The interval fund sector, which includes venture capital, real estate, insurance and credit, has seen growth over the past several years.
Interval funds had a total of $79.2 billion in net assets in 2023, up from $63.5 billion in 2022, according to the Interval Fund Tracker. There were 91 active interval funds last year — at least five of which were municipal-related — up from 79 in 2022.
For PIMCO, when it launched its first muni interval fund, the Flexible Municipal Income Fund, or “MuniFlex,” in 2019, the investment management firm wanted to take on the increasingly illiquid muni market.
As PIMCO has been managing its daily liquid municipal bond strategies, the firm was capped at how much liquidity risk it could take in terms of individual muni bonds, said Christian Clayton, executive vice president and strategist at PIMCO.
“Having a vehicle that allows us to access some of these less liquid muni bonds would be an advantage,” he said.
For example, the average individual investor cannot buy a 144A privately placed bond; it has to be bought by a qualified institutional buyer.
“We believe there can be tremendous benefits in including municipals in an alternatives allocation,” Clayton said.
For most days, liquidity is “not a big issue,” said Robert DiMella, executive managing director and co-head of MacKay Municipal Managers. “But when we have times of stress, the transaction cost increases substantially, and that’s when you want an active approach that has a cash cushion to insulate you either from not indiscriminately selling when you really shouldn’t be, or just as importantly as to buy when things feel bad, because you have a cash reserve to do so.”
Interval funds allow investors to sell a portion of the shares back to the fund at NAV periodically, which could be monthly, quarterly, or semiannually or annually, said Vikram Rai, head of municipal strategy at Wells Fargo.
“Higher-yielding securities can be harder and somewhat illiquid, but since interval fund managers do not have to worry about providing daily liquidity, they are able to invest in more illiquid and potentially higher-yielding securities,” he said. “So these funds can appeal to investors that have a higher risk appetite and do not need immediate access to their principal.”
Typically when the muni market sells off in relation to USTs, it’s usually sparked by a lead of retail of the pullback in the muni market, said the sell-side source.

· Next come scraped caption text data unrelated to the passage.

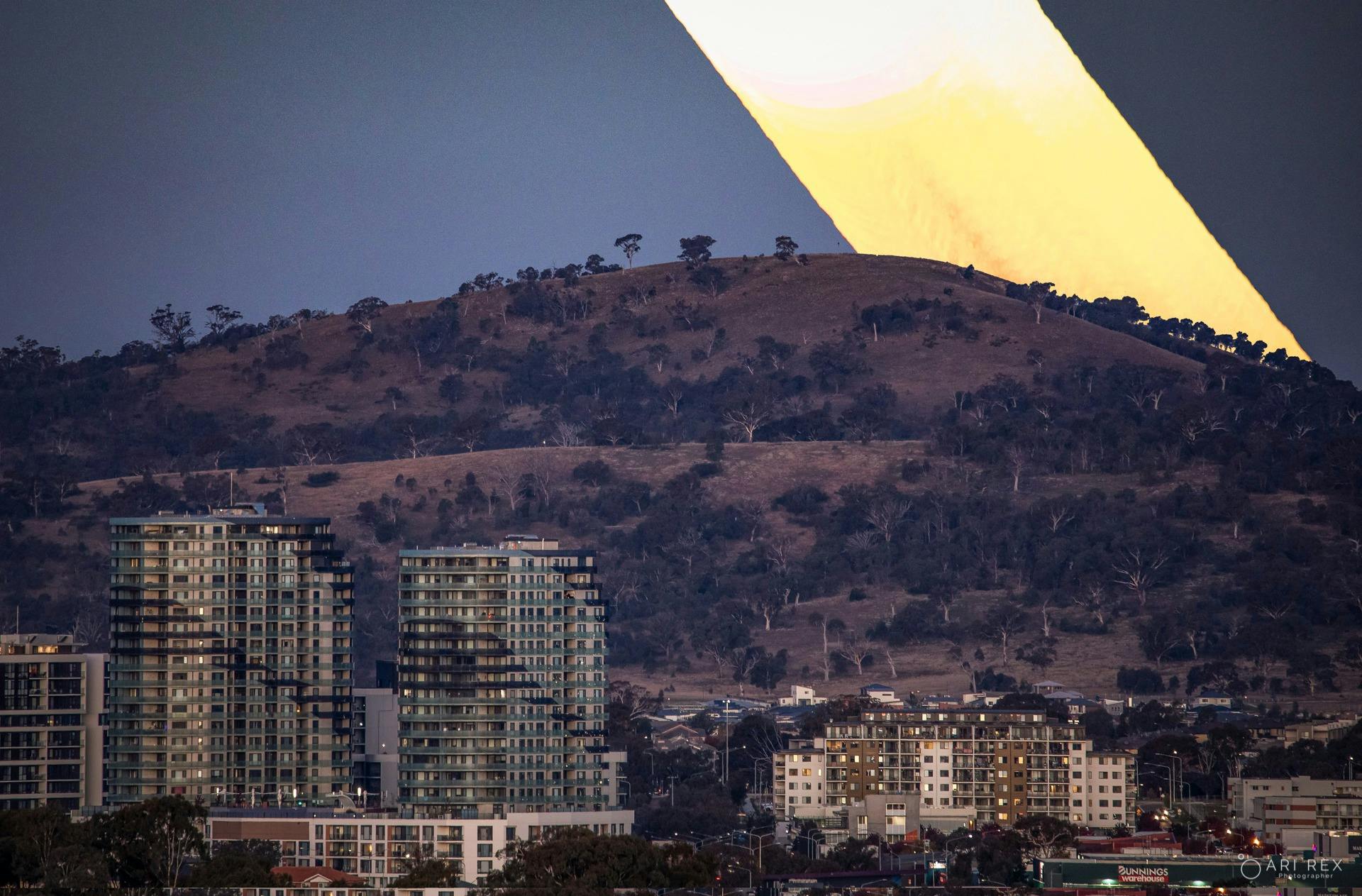 Last light falls across rugged hills above a town at dusk, beneath a deep blue sky with warm light n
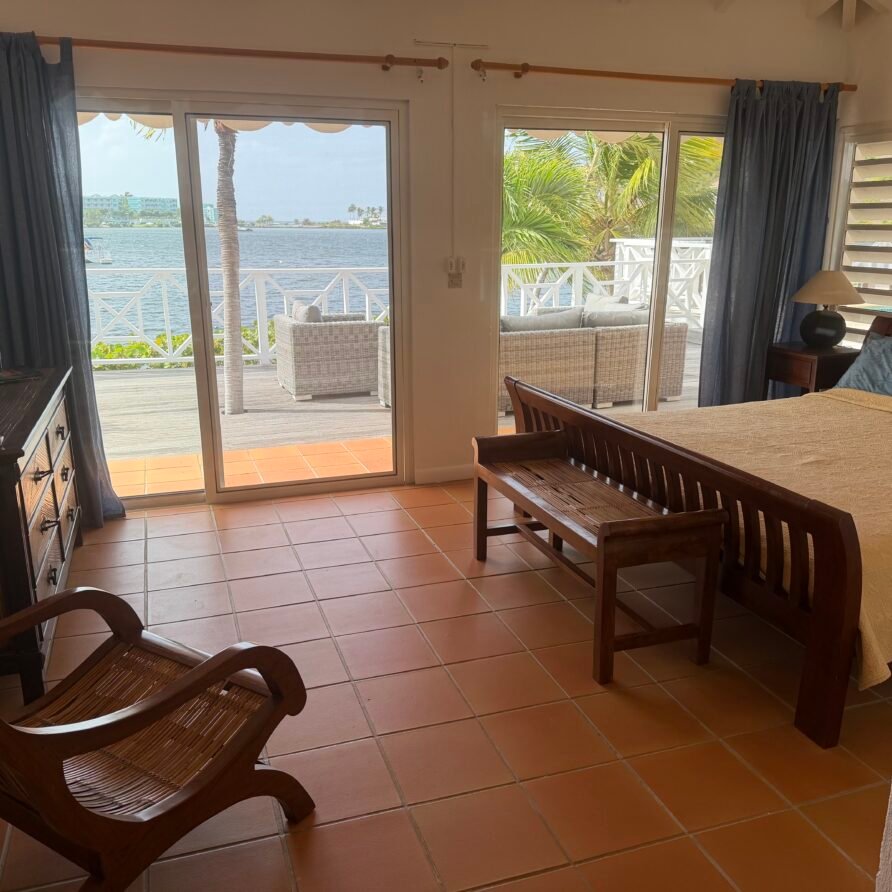 Waterfront villa in French Oyster Pond with panoramic Caribbean Sea and St. Barths views.
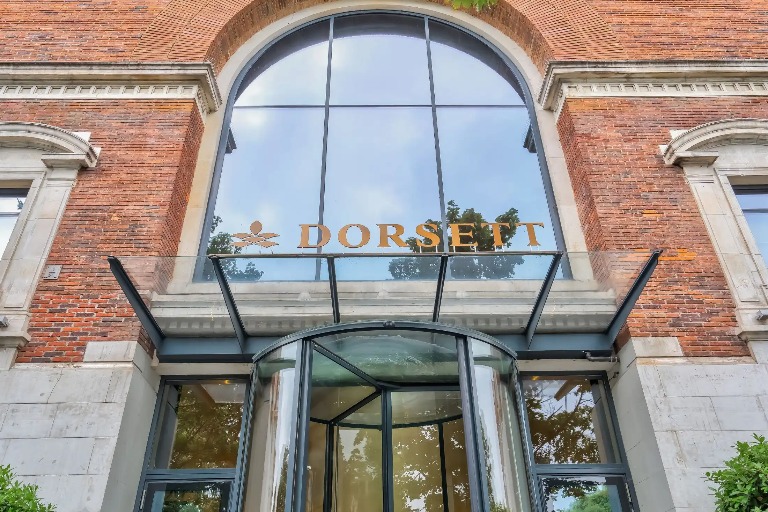 A low-angle view of the Dorsett Shepherds Bush London Hotel entrance.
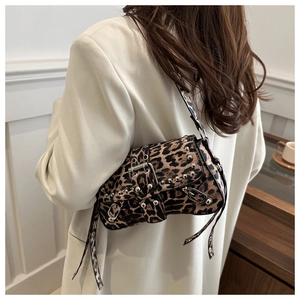 Y2K style leopard print shoulder bag with silver metal studs worn by a model in a white blazer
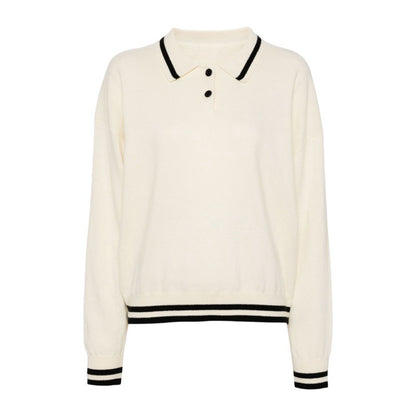 Custom wool blend knit polo sweater in off-white with black collar and hem accents, featuring two buttons at the neckline.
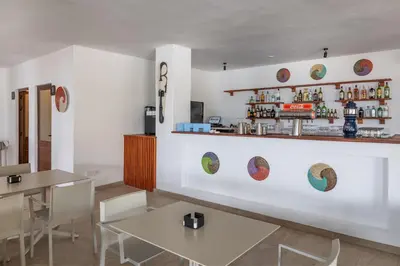 a restaurant with white walls and white tables and chairs at Barceló Marine Boa Vista - Adults Only in Sal Rei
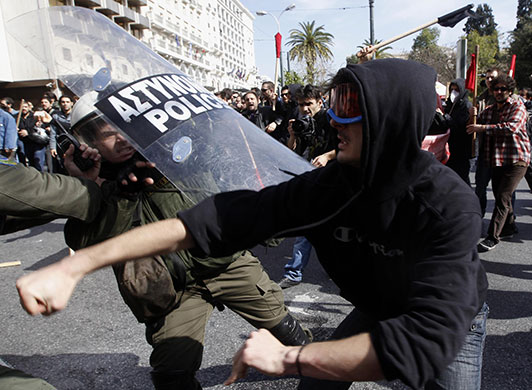 Clashes in Greece: A protester throws a punch at a police officer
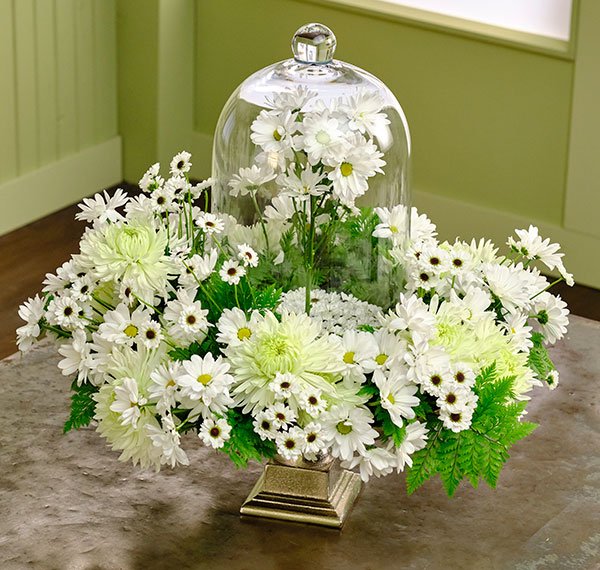 This arrangement created out of Chrysanthemums of all kinds - has a fairytale theme- Cloché Included!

A negative feedback loop begins in which retail redeems from mutual funds, which prompts mutual funds to sell and that selling pressure leads to more investors pulling their money out.

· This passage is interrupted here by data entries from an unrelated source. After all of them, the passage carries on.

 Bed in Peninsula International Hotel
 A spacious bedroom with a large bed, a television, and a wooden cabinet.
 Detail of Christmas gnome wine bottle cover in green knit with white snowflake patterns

That cycle continues until “someone else steps in, stabilizes the market and starts to reverse the cycle,” the source said.
Historically, during periods of large appreciation fund flows pick up afterward “and it lags and mutual funds hate this because it forces them to sell when things are cheap and buy when things are rich. They don’t want to do that but are beholden to it because of the liquidity,” the source noted.
The concept of an interval fund is to “not be as liquid as mutual funds and to take advantage of the inefficiencies in their liquidity out there,” DiMella said.
Interval funds are a natural progression of the increase in “liquid alternative investments,” so “there’s no reason why munis can’t have a piece of that,” he said.
But an interval fund with its non-daily liquidity allows investors to weather the shorter cycles as it gives them better visibility and redemptions, said Alex Chilton, head of municipal securities at Morgan Stanley.
There are only a handful of interval funds in the muni space, and while there has been growth, it is not near the moves that exchange-traded funds and separately managed accounts have made.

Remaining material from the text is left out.